/NOT FOR DISSEMINATION IN THE UNITED STATES OR DISTRIBUTION THROUGH UNITED STATES NEWS OR WIRE SERVICES/
STONEY CREEK, ON, May 5, 2015 /CNW/ - Innova Gaming Group Inc. ("Innova") (TSX: IGG), which provides games, systems and tickets for the North American gaming industry, predominantly in the business to government lottery sector, announced today that it has successfully completed an initial public offering and secondary offering (the "Offering") of its common shares ("Shares"). Innova's Shares will commence trading today on the Toronto Stock Exchange under the symbol "IGG".
"We're extremely pleased to have completed our IPO. This is an important milestone that we anticipate will help us accelerate our development of new and innovative products, games and technologies for the large government lottery and gaming industries," said Innova's Chairman and CEO, Richard M. Weil.

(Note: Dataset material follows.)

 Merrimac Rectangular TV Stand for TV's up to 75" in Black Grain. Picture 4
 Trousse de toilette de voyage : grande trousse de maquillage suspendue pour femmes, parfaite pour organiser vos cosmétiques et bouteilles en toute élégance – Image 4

In connection with the Offering, Innova issued and sold 3,750,000 Shares from treasury and 8,520,000 Shares were sold by Amaya Inc. ("Amaya"), at a price of Cdn$4.00 per Share. The Offering resulted in gross proceeds of Cdn$15.0 million to Innova and gross proceeds of Cdn$34.1 million to Amaya, for total aggregate gross proceeds of Cdn$49.1 million.
The Offering was made through a syndicate of underwriters led by Canaccord Genuity Corp. and including Cantor Fitzgerald Canada Corporation, Cormark Securities Inc., Desjardins Securities Inc., Dundee Securities Ltd. and Clarus Securities Inc. (collectively, the "Underwriters").
Amaya has granted the Underwriters an option, exercisable for a period of 30 days following the closing of the Offering, to purchase up to an additional 1,840,500 Shares at a price of Cdn$4.00 per Share to cover over-allotments, if any, and for market stabilization purposes.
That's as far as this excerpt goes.